June 5th 2018 at the Peace Room (62 Ledras street – Nicosia)
In 1962, Cyprus has its picture taken. Urbanist Eugene Beaudouin, architect and urbanist Manuel Baud-Bovy and architect Aristea Rita Tzanos comprise the group of French consultants that extensively photograph the Cypriot landscape. The team was invited by the nascent Republic of Cyprus to produce a report on the island’s future in the emerging industry of tourism. Their photographic lens highlights the island’s “unspoiled”coastal landscape as the quintessential tourist asset.
The pursue of the “unspoiled” as a characteristic of the Mediterranean landscape internalizes a contradiction: If on the one hand an idealized “unspoiled” Mediterranean coastline entailed emancipatory aspirations for the North European urbanite, as it was associated with the qualities of a “pre-urban” and “non-urban” lifestyle; on the other hand, the processes of urbanization unleashed by the pursuit of the “unspoiled” as an asset for the emerging tourist industry, paradoxically eradicated these qualities from the produced landscapes, the latters being shaped instead by processes of relentless real estate speculation.
Famagusta’s leisurescape exemplifies this contradiction. Featuring as one of Cyprus’s unspoiled beaches in the French photographic collection, Famagusta’s Golden Coast becomes, less than a decade later, the country’s flagship leisurescape, catering to half of the island’s mass-tourism flows.Far from the 1962 Edenic visions captured by the photographic lens of the French team, the pictures of the 1970s Famagusta depict a coastal landscape densely constructed with hotels that offered all the amenities of modern urban life for the European and North American tourist. The remarkable transformations of the Golden Coast during the period of 1960 - 1974 make visible this often-concealed aspect of landscapes of leisure as operational landscapes of a post-Fordist economy. Moreover, and as they increasingly became part of the government’s agendas for economic development during the 1960s and early 70s, these developmental landscapes also embody various forms of politics, inequality and dispossession. Or even, they become spaces of contestation and conflict, despite the iconography of relaxation portrayed in promotion pamphlets and newspaper articles in Cyprus and internationally.
The multimedia exhibit titled “The Constructed and the Unspoiled” curated by the Mesarch Lab team is a reflection on these thoguhts. The exhibit attempted a synthesis of photographic content from the two archives mentioned above (the Beaudouin - Baud-Bovy – Tzanos photographic collection hosted at the Bank of Cyprus Cultural Foundation and the Press Information Office of the Republic of Cyprus photo archives of the period 1960-1974) in conversation with other archival material (architectural models and publications).
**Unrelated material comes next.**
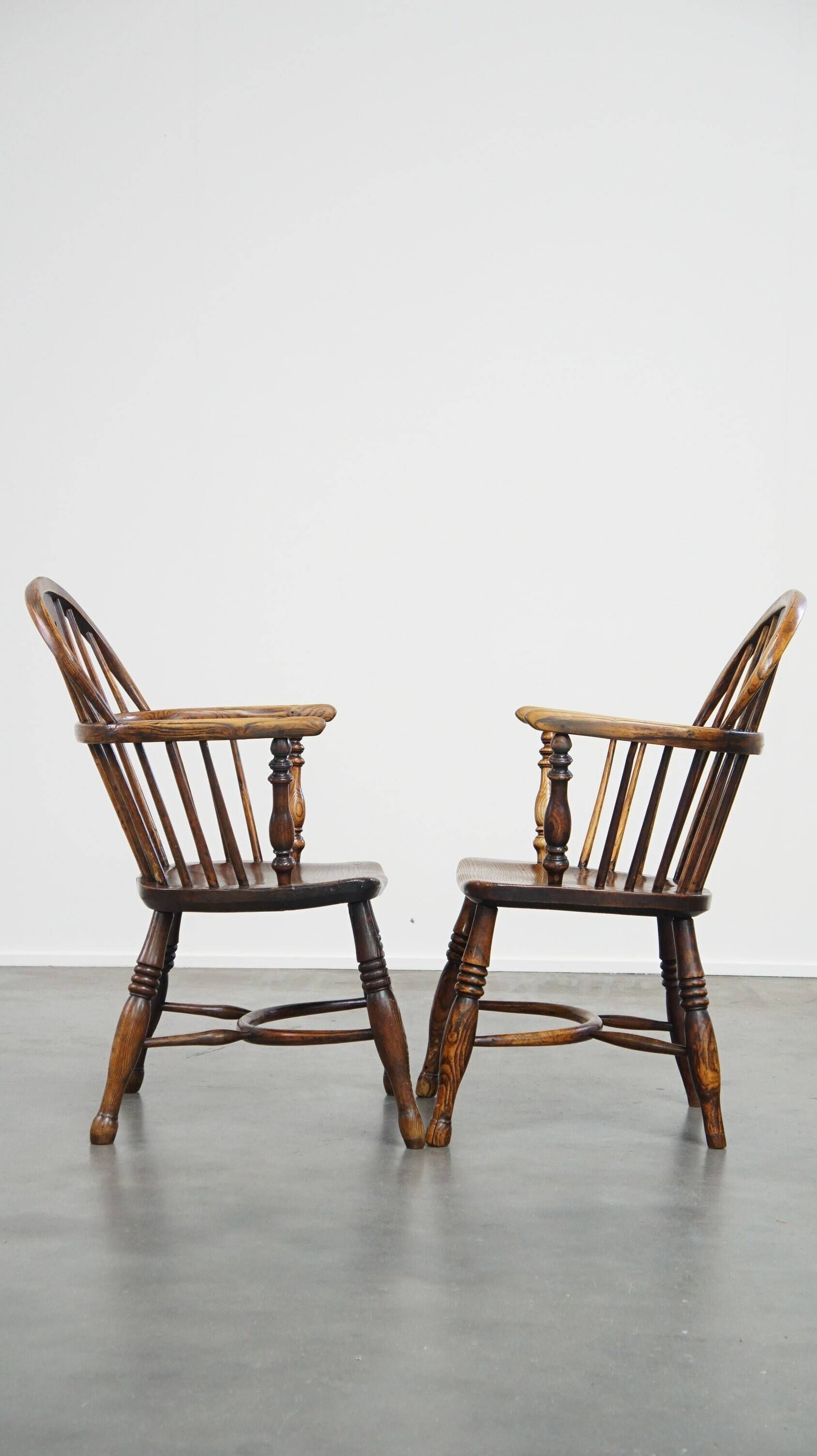 Set of 2 beautiful antique 18th-century English lowback Windsor dining chairs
The parallel display of what was envisioned (extrapolating from the perspectives introduced by the French photo archive) and what was constructed until the early 70s (documented in the various photographic collections of the Press Information Office) aimed to highlight precisely this contradictory nature of the landscapes of leisure: as both developmental landscapes and as spaces permeated by utopian aspirations.
The Mesarch Lab is grateful to the Press Information Office of the Republic of Cyprus and the Bank of Cyprus Cultural Foundation, for offering access to their archival material. Special thanks to Dr Ioanna Hadjicosti, Director of the Bank of Cyprus Cultural Foundation and Dr Christodoulos Hadjichristodoulou, Director of the Bank of Cyprus Historical Archive, for their engagement and interest in our research work.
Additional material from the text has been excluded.